Karl Schmidt-Rottluff and the Brücke
Karl Schmidt-Rottluff and Expressionism
Karl Schmidt-Rottluff is an important representative of German Expressionism. He was born in Chemnitz (Rottluff) and is today considered the most internationally important artist of the city. He founded the artist group Brücke in Dresden in 1905, together with his friends Fritz Bleyl, Ernst Ludwig Kirchner and Erich Heckel. Kirchner and Heckel, his school friend, also grew up in Chemnitz, so Chemnitz is considered as a kind of nucleus of the Brücke. Schmidt-Rottluff, as an artist autodidact, advocated a free, non-academic art. This should bring the connection of life, perception and creation to direct expression.

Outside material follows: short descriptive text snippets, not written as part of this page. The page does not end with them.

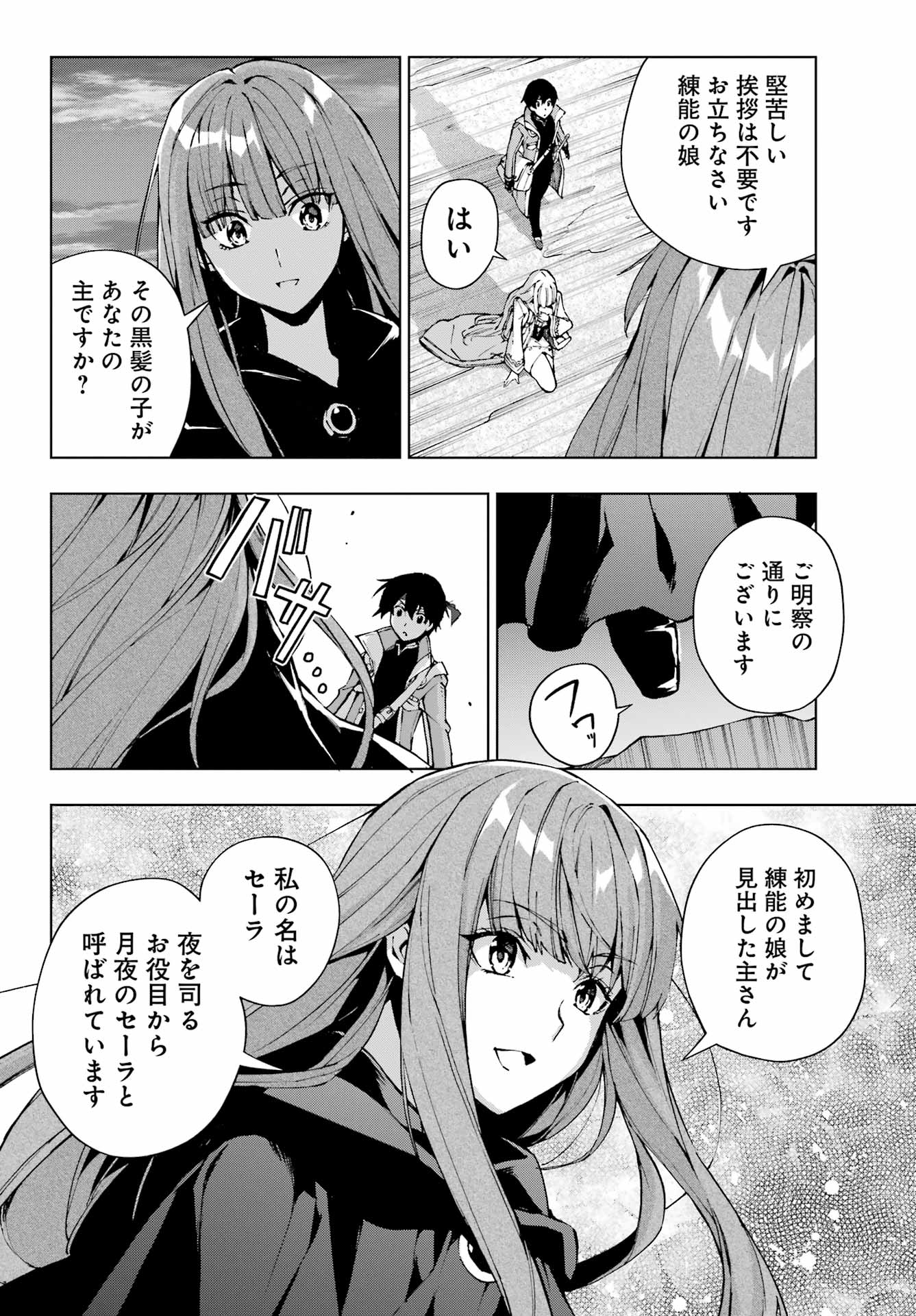 Senken no Majutsushi to Yobareta Kenshi Chap 63 - Next Chap 64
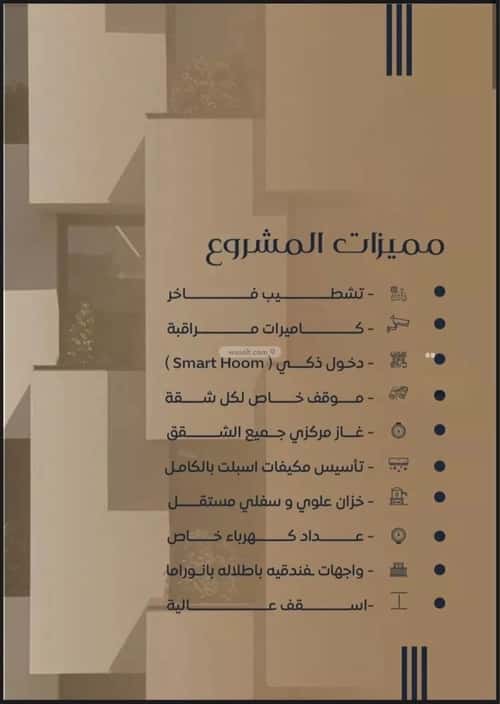 شقة 3 غرف في النزهة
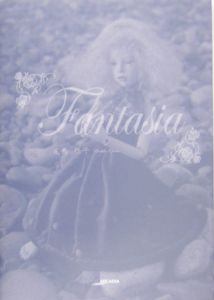 尾島佳子『Fantasia』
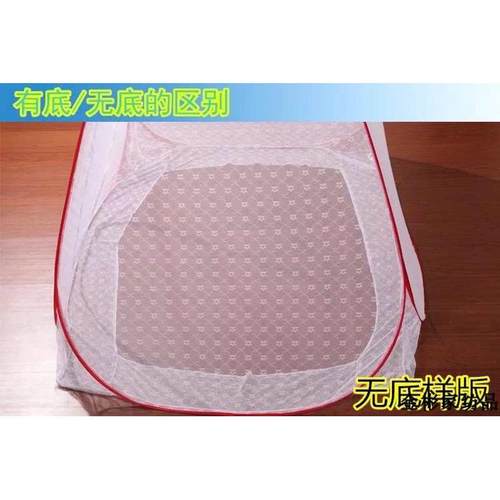 蚊帐无底 蒙古包免安装家用1.5m1.8m床回型 易收纳简约蚊帐无底款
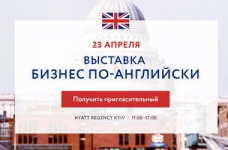 Виставка британської освіти в Києві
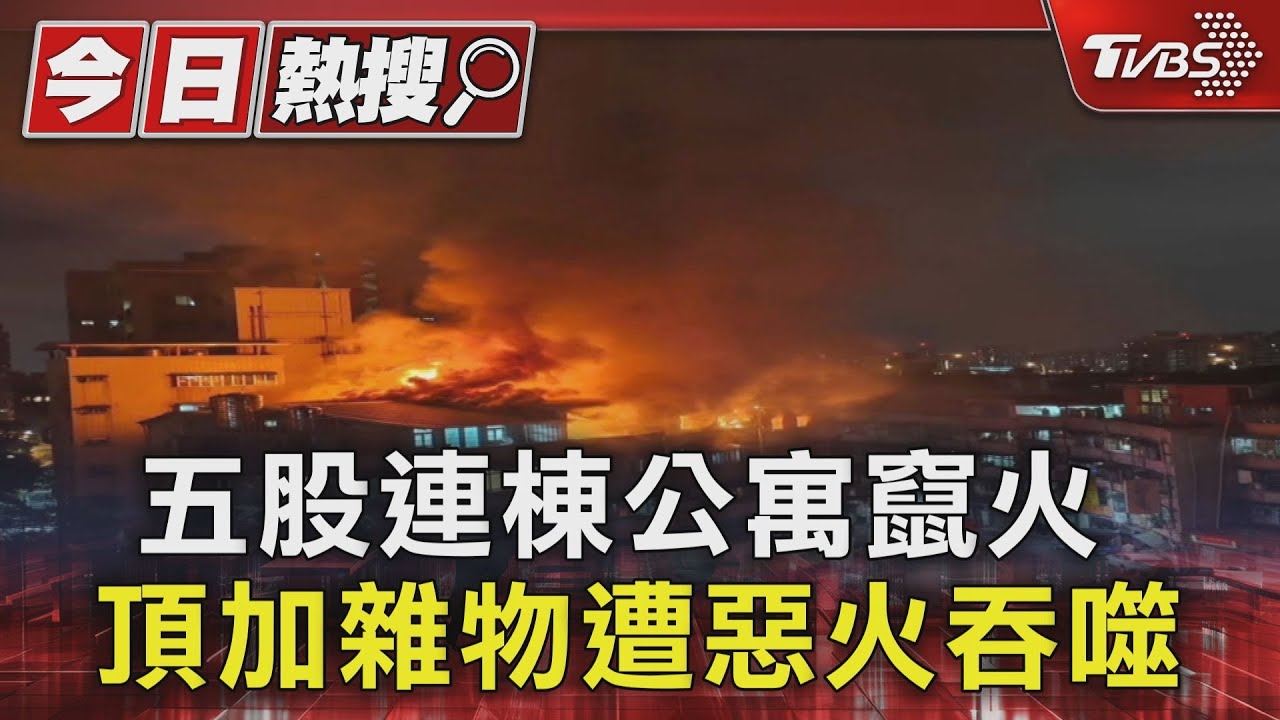 五股連棟公寓竄火 頂加雜物遭惡火吞噬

The Chemnitz Art Collections house one of the largest collections of his paintings and graphic works. Already in the early 1920s, the museum and its director Friedrich Schreiber-Weigand maintained a close and continuous relationship with Karl Schmidt-Rottluff. This selection shows important paintings and documents by the artist from all periods of his work, representative pieces by the Brücke artists and modern artists from the collection. On display for the first time is the exquisite wooden sculpture Standing woman (1920) by Erich Heckel, which was acquired for the Kunstsammlungen Chemnitz in 2023.